La formation des prêtres est une mission propre à la responsabilité des évêques. Notre travail de rédaction de la Ratio Nationalis est destiné à unifier la formation au presbytérat donnée dans notre pays. L’objectif de la CEMOLEME, en collaboration avec le CNGS et les différents lieux de travail en commun des formateurs, est de pouvoir vous présenter un projet de Ratio dans un délai suffisamment rapide.
Quel prêtre voulons-nous pour demain ?
La formation est finalisée par la question du prêtre que nous voulons pour demain. C’est de cette question dont découle ce que nous attendons de sa formation et notre conception de l’identité du prêtre.

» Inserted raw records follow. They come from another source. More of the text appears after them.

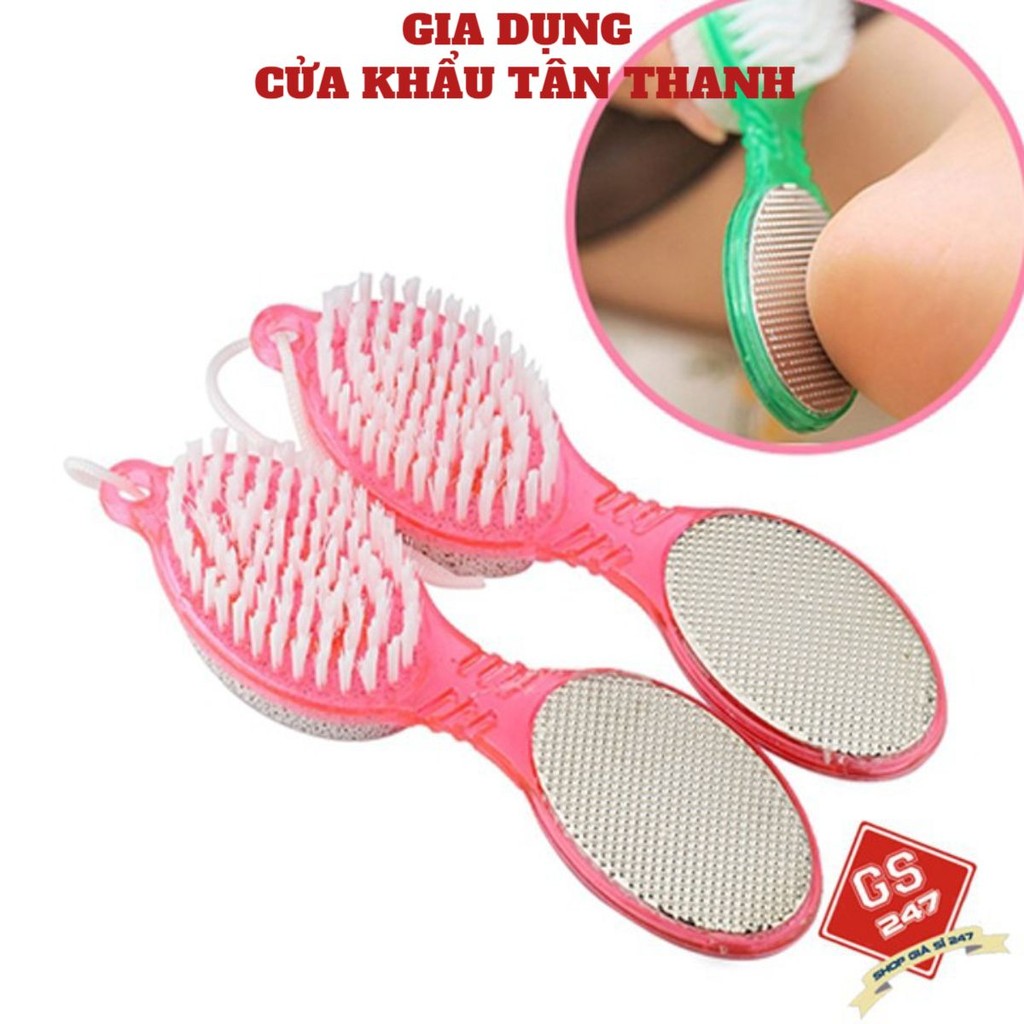 Đá bọt biển, Bộ dụng cụ chà gót chân 4 trong 1 siêu tiện lợi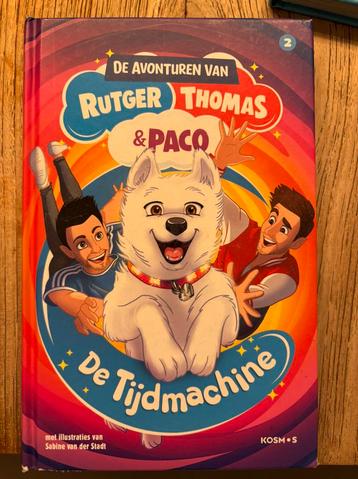 Rutger, Thomas en Paco - 3 boeken beschikbaar voor biedingen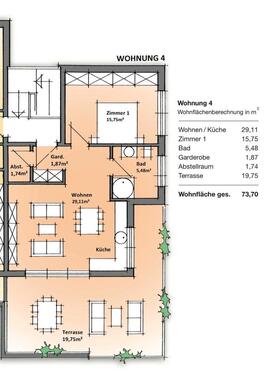 Foto - 2 Zimmer Einfamilienhaus in Kassel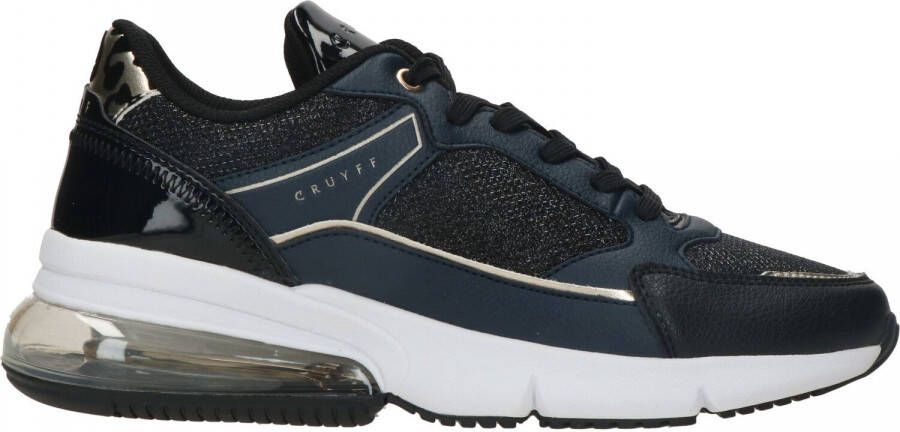 Mexx Witte Loua Sneaker met Gouden Details White Dames - Foto 6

Le prêtre s’inscrit dans une histoire indissociable de celle du peuple qui lui est confié ; cependant, personne ne sait ce qui se passera dans l’avenir. Il doit donc, pour être disponible à l’Esprit Saint, savoir affronter l’inconnu. Sa formation doit lui permettre d’acquérir un discernement pastoral et un véritable élan missionnaire. Il doit acquérir la capacité d’être un guide sur le chemin de ceux qui lui sont confiés. La formation est donc moins destinée à engager sur un « faire » que sur un « être » ayant la capacité d’un discernement pastoral pour guider.
La formation humaine
La formation humaine est une tâche importante du séminaire. Nous recevons des jeunes très marqués par des expériences affectives fortes avant d’entrer en formation. Comment les aider à passer d’une expérience d’alliance affective (fiançailles, vie commune, relations diverses, etc.) au service d’une alliance, celle de Dieu, qui, elle, ne l’est pas. En d’autres termes, nos séminaires ne doivent pas être simplement des lieux de maîtrise de l’affectivité, mais ils doivent amener le séminariste à des choix motivés. L’apport de situations ou de cas extérieurs est un des meilleurs chemins pour cela. Il faut qu’ils puissent trouver leur propre autonomie en servant une alliance qui n’est pas affective.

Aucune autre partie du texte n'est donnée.